━━ Provided records

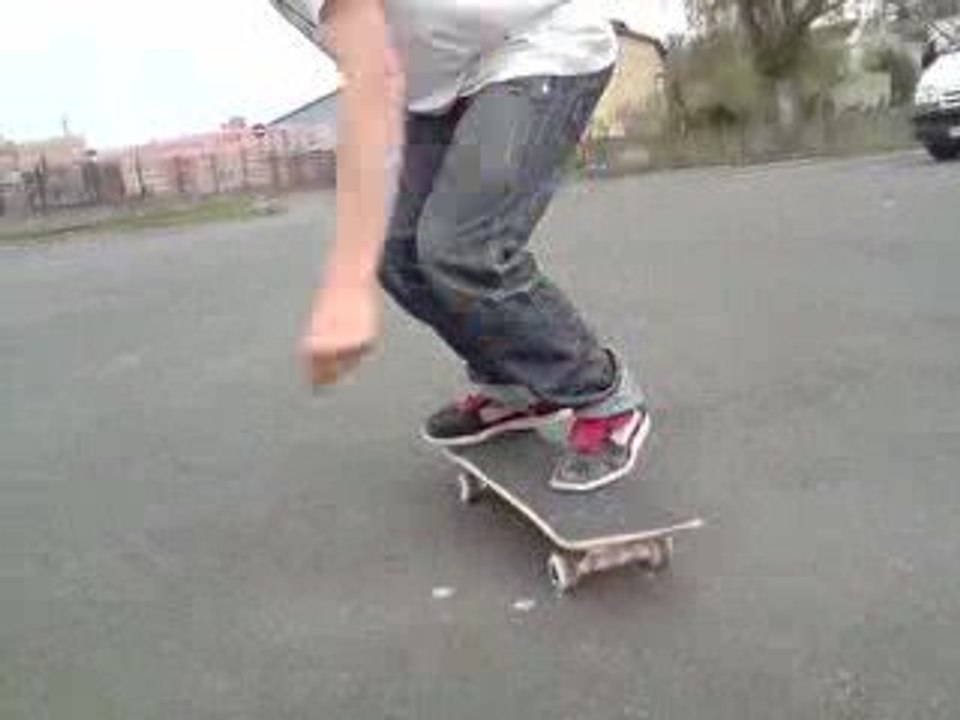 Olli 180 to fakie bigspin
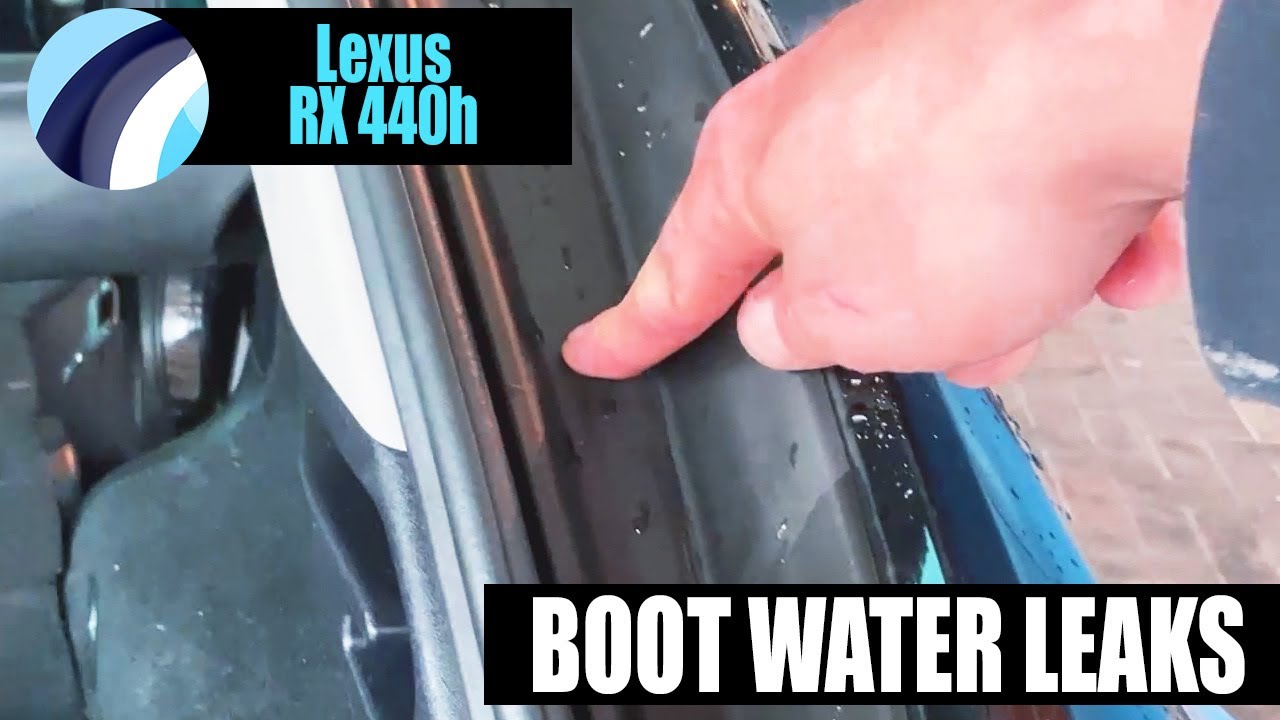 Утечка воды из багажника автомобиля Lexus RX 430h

━━━━
━━ Provided records

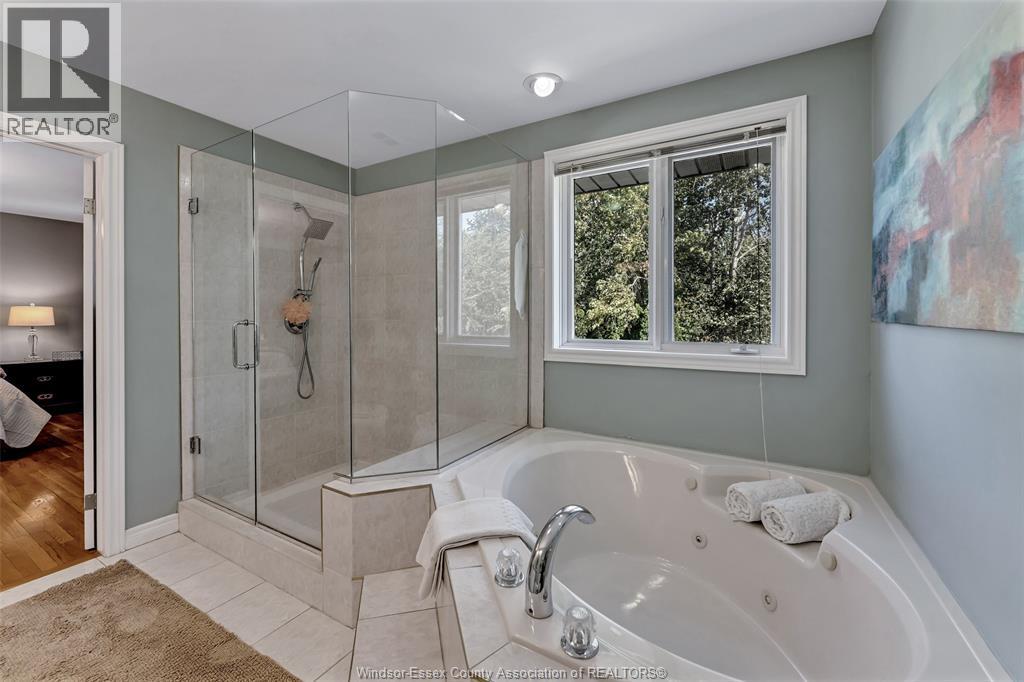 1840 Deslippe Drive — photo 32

━━━━
━━ Provided records

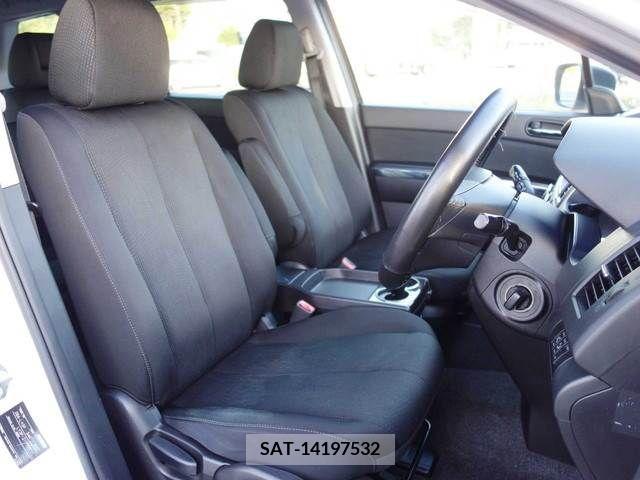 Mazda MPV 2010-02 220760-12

━━━━

Given the entries above, transcribe exactly the lines from the one holding "Olli 180 to fakie bigspin" through the one holding "Утечка воды из"; pictures do not belong in the transcription.

Task result ::
 Olli 180 to fakie bigspin
 Утечка воды из багажника автомобиля Lexus RX 430h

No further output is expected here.